Opposition parties have reacted strongly to Minister for Finance Brian Lenihan’s Budget 2011 by saying it does not provide enough stimulus measures for the economy and that middle and lower-income earners are hardest hit.
Fine Gael’s finance spokesman Michael Noonan said it is the budget of a “puppet government” doing what they are told to do by the IMF and ECB so the State can draw down bailout funds.
Speaking the Dáil after the Minister for Finance delivered his budget speech Mr Noonan said it was “in an ironic way, a fitting tribute to this failed administration”.
Mr Noonan also accused Mr Lenihan of not learning the lesson that “one cannot cut and tax ones way out of a recession” before adding the Government’s “slash and burn policies” are counter-productive.
He said there is “not a single progressive idea to support investment and get our country growing again” and that it had undermined any “concept of social justice in our society”.
Mr Noonan said called for reform of the political system and said new policies to faith and jobs to the Irish economy were needed.
Referring to the €10 cut in the child benefit for the first and second child and by €20 for the third child, Mr Noonan questioned the minister why only the cut applied to third children.
“Minister what have you got against third children? The fourth child won’t be cut, the fifth child won’t be cut, the 16th child won’t be cut…did some third child beat you up coming home from school as a young fella?” he asked.
Mr Noonan added that overall the Budget is “incoherent”, seeks to “tie the hand of its successors”, and is “soft on the rich and hard on the poor.”
Labour leader Eamon Gilmore said the Budget was as “every bit as bad as we feared.”
"Labour fully accepts the need to reduce public expenditure and the close the budget deficit, but in this budget Fianna Fáil has once again, chosen to take the route of the conservative consensus, asking those on middle and low incomes to bear the brunt of the adjustment, while privileged elites such as the tax exiles did not even merit a mention in Mr Lenihan's speech," he said.
"There is little or nothing to promote job creation and training and the few token measures included in the budget speech will make no dent in the live register figures.

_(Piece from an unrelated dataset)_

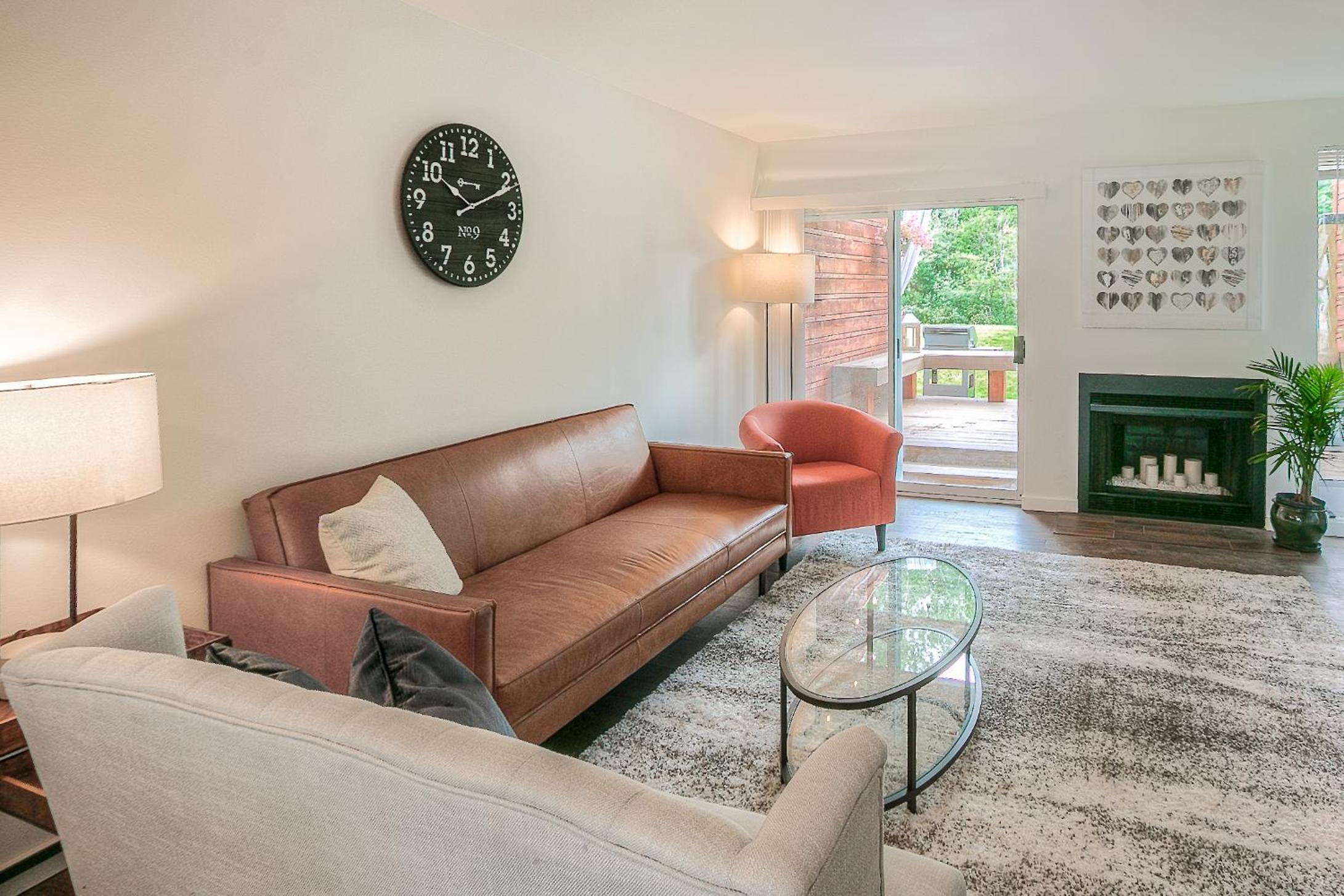 Two-Bedroom Townhouse - Photo 23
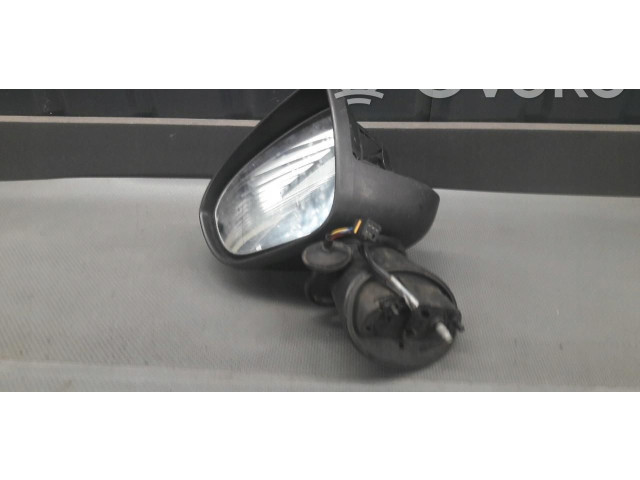 Зеркало электрическое Opel Meriva B 2010 - 2016 года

"The cuts in social welfare rates were well flagged and will create real hardship for those on the lowest levels of income, particularly for groups such as widows, the blind and carers. The alternative approach, as advocated by the Labour Party, would have been to ask couples earning over €200,000 per year and individuals earning more than €100,000 to make a modest extra contribution in taxes," he added.
Mr Gilmore said the cuts in pay for the Taoiseach and Ministers are welcome, but said it was "significant" that nothing has been done in terms of reforming the ministerial pension regime.
Labour’s Joan Burton said Mr Lenihan’s referral to households and businesses having to work off the excesses of the boom makes the cuts sound like “a walk in the park sometime after Christmas dinner”.
She described the Budget as the “last sting of a dying wasp” and that working people and people on middle income are the ones dong all the “heavy lifting”.
Ms Burton said the cuts being borne by people with children are the biggest of all and that is a comment on how little political power women have compared to bankers. “There is enough austerity in today’s announcement to make even the most ardent Tea Party fan grin in delight," she said.
She said the interest rate with the IMF needed to be renegotiated. "The winners in today's budget are the banks who hoovered up our money as well as developers and property tycoons. The losers are a family with three children who will lose €40 a month in child benefit, people on disability benefit who will lose €8 a week and carers who will also lose €8 a week," she added. "Ireland will be more divided than ever after this budget".
Sinn Féin’s Pearse Doherty said the Budget has “prolonged the cycle of recession”.
He said the Government has repeatedly “misled” the people and called on everyone in the House to commit to a reversal of the budgetary cuts ahead of the next election.
He said: “What is disgusting about all of this is when the whole country is demanding political reform this government is relying on the votes of two gombeen politicians, willing to sell the Irish people for a casino in Tipperary and nursing home in Kerry…we can’t afford this type of politics anymore.”
“We can’t afford the banking policy, we can’t afford this loan from the IMF and the EU and most importantly we can’t afford you as a Government,” he added.
And he said the Irish taxpayer should not be “the insurance policy to the bondholders who took a gamble”.
“How are people supposed to live on the amounts announced by this Government?
“If less money is spent the economy will contract, more jobs will be lost and more people will be reliant on social welfare as a result.
“Any TD who votes for these cuts deserves to be kicked out at the next election,” Mr Doherty added.